Van Dijk says his company’s approach to quoting delivery dates varies by customer. For those customers who have a history of ordering quickly after a quote, he said the company provides the delivery date in the quote. “If we are uncertain [about the order], we don’t give the delivery date.”

To address variability in component and material availability, Ulum said the quotes NRT makes are good for a limited time, with the company taking a first-order-in-first-machine-out approach.

“Being closely coupled with our supply chain and having people responsible for supply chain management means that we're able to stay on top of our costed bill of materials and ensure that that's reflected up to date and in any of our quotes.”

Van Dijk said he does not foresee supply chain issues and inflation improving in the fourth quarter or even next year. “Steel prices are coming down, but we see components are not coming down.”

Van Dyk Recycling Systems is a system integration and a distributor for manufacturers that include Bollegraaf and Tomra.

NRT's Ulum agreed, saying, “We don't see a big change in the next quarter, either. This supply chain situation we're in is not moving week to week, month to month, quarter to quarter. It is a year-to-year kind of issue that we're trying to work our way out of.”

He added that NRT, which manufactures optical sorting technology, and its parent company, Bulk Handling Systems, Eugene, Oregon, have been working with some of their supply chain players for many decades, and proactive communication that includes forecasting demand in real-time is essential. “We've also had to take inventory positions that we wouldn't normally do. We've had to look at not only risk buys but also risk builds in order to sort of offset and hedge against the risks that are built into the supply chain.”

Regarding the issues that keep the panelists up at night, Van Deusen said they are on the production side of the business, with labor being the biggest issue.

Ulum indicated hiring talented personnel in the manufacturing and service sides of the business is a concern. “Finding, securing, training and retaining talent would be the biggest thing that would keep me up at night.”
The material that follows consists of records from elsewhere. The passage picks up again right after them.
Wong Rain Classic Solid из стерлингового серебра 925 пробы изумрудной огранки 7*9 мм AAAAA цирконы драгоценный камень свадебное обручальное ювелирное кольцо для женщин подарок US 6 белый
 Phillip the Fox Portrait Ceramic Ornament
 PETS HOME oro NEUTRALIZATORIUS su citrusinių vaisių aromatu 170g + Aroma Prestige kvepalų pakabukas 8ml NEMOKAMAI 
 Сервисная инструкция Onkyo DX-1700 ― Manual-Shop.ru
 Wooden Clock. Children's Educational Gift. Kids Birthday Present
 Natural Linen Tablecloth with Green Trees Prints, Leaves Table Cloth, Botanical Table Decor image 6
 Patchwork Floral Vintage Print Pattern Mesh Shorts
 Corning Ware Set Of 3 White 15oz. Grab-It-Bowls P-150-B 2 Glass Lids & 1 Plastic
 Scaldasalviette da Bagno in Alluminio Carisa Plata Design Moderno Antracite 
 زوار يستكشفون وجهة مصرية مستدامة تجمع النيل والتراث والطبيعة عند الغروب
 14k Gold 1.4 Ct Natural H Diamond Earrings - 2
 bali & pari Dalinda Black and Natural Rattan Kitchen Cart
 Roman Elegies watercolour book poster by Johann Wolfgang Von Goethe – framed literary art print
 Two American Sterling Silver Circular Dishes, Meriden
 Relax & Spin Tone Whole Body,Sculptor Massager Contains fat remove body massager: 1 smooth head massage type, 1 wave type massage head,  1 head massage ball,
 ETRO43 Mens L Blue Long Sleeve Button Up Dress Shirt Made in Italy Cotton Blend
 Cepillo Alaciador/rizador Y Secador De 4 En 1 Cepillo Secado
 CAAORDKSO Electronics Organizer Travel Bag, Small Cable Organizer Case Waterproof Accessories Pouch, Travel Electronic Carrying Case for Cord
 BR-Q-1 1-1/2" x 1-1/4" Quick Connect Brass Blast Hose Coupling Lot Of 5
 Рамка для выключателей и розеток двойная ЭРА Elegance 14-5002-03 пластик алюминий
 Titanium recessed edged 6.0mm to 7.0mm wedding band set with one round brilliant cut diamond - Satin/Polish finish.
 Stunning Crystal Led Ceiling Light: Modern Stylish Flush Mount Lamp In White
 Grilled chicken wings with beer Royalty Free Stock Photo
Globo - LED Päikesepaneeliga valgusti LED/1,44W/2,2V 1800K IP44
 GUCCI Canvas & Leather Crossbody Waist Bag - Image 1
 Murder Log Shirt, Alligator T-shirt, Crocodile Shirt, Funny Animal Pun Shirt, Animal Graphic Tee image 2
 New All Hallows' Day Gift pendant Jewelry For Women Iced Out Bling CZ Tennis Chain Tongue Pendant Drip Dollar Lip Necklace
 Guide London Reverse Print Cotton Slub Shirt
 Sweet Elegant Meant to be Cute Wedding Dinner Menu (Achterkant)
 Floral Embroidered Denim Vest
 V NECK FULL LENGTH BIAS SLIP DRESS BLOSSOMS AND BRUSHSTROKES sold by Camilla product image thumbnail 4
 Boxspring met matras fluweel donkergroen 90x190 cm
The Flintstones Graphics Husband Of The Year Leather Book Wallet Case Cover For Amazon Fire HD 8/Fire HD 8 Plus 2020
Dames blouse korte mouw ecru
But that same shortage of labor also is a benefit for the companies on the panel. “That's great in terms of driving demand for automation,” Ulum said. “That's one of the many tailwinds to this industry.”

Van Dijk said obtaining parts for manufacturing is his No. 1 worry, followed by hiring and retaining service personnel.  

Obtaining personnel and spare parts also were concerns for Everhart. He said he is continually reviewing Stadler’s parts inventory and encouraging the company’s customers to maintain their own parts inventories.